A 4–3 majority of the Maryland Supreme Court disagreed. To hold that a prosecutor’s dismissal of charges “divests a victim of the right to appeal what the victim contends is an unlawful vacatur order,” the opinion said, “would make it essentially impossible for victims to enforce their rights in connection with a vacatur hearing.”
The high court further ruled that, under Maryland’s statutes and constitution, Lee had a right be heard in person on the merits of the motion to vacate Syed’s conviction — but did not have the right to participate as a party. The court interpreted legislation granting victims the right to be heard at a hearing regarding the “alteration of a sentence” to apply to a vacatur hearing, which necessarily changes the defendant’s sentence. It further held that this outcome was necessary under the “constitutional requirement that all victims be treated with dignity, respect, and sensitivity” during all phases of the criminal justice process.
Justice Jonathan Biran wrote for the majority that Lee “did not receive sufficient notice of the hearing to reasonably permit him” to attend. The high court ordered a new hearing on the matter before a new judge.
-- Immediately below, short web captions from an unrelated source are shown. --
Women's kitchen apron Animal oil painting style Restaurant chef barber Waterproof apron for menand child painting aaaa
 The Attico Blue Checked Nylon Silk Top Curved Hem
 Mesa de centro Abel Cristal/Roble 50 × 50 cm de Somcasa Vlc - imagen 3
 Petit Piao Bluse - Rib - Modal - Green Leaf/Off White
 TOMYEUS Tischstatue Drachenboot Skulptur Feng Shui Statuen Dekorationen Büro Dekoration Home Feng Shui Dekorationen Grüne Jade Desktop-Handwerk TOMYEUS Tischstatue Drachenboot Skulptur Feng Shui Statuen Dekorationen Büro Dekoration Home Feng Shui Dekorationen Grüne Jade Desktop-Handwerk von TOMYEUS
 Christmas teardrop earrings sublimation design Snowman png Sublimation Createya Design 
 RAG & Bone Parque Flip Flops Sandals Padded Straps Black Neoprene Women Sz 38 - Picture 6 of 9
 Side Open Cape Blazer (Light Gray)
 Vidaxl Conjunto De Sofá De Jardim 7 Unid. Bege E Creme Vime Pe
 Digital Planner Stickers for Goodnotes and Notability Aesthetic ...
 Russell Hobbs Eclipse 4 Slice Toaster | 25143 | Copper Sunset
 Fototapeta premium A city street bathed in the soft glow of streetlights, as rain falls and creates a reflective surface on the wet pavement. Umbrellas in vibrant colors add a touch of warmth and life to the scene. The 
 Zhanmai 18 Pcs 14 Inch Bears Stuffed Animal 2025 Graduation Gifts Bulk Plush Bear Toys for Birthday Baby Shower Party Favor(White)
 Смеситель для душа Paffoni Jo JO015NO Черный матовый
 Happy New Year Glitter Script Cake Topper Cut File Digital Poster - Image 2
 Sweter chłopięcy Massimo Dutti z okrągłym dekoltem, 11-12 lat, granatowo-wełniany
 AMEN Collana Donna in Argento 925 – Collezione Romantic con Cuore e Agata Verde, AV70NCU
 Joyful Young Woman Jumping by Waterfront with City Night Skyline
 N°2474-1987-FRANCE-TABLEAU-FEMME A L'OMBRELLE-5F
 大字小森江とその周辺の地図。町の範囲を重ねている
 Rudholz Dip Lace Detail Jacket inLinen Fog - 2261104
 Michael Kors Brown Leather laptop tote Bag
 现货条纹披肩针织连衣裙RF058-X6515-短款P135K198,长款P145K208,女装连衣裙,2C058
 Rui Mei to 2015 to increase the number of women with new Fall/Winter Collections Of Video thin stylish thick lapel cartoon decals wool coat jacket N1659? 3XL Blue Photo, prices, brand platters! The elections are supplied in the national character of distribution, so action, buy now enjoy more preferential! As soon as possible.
Three justices joined two separate dissents saying Syed’s conviction should not have been reinstated. “The constitutional right to a fair trial belongs to a criminal defendant alone, because their liberty interest depends upon the outcome of trial,” dissenting Justice Michele Hotten wrote. Justice Brynja M. Booth wrote in another dissent that the majority read the constitutional provision on victims’ rights in a manner “inconsistent with the plain language” and essentially rewrote the legislation in question, thereby creating a broad new victim’s right to participate that was not enacted by the legislature.
An attorney for Lee said in a radio interview his client was relieved that he will be allowed to address the merits of the dismissal and will have access to the evidence that overturned the murder conviction, which had not been introduced publicly at the hearing.
In a statement, Syed’s attorney said that reinstatement of the conviction does not provide justice or closure to the victim’s family and takes a huge toll on Syed and his family.
Syed remains free pending the new hearing on the motion to vacate. The hearing has not yet been scheduled.
Rex Bossert, former editor in chief of the National Law Journal, is a freelance writer.
Suggested Citation: Rex Bossert, Maryland Supreme Court Affirms Crime Victims’ Rights in Adnan Syed Murder Case, Sᴛᴀᴛᴇ Cᴏᴜʀᴛ Rᴇᴘᴏʀᴛ (Sept. 6, 2024), https://statecourtreport.org/our-work/analysis-opinion/maryland-supreme-court-affirms-crime-victims-rights-adnan-syed-murder.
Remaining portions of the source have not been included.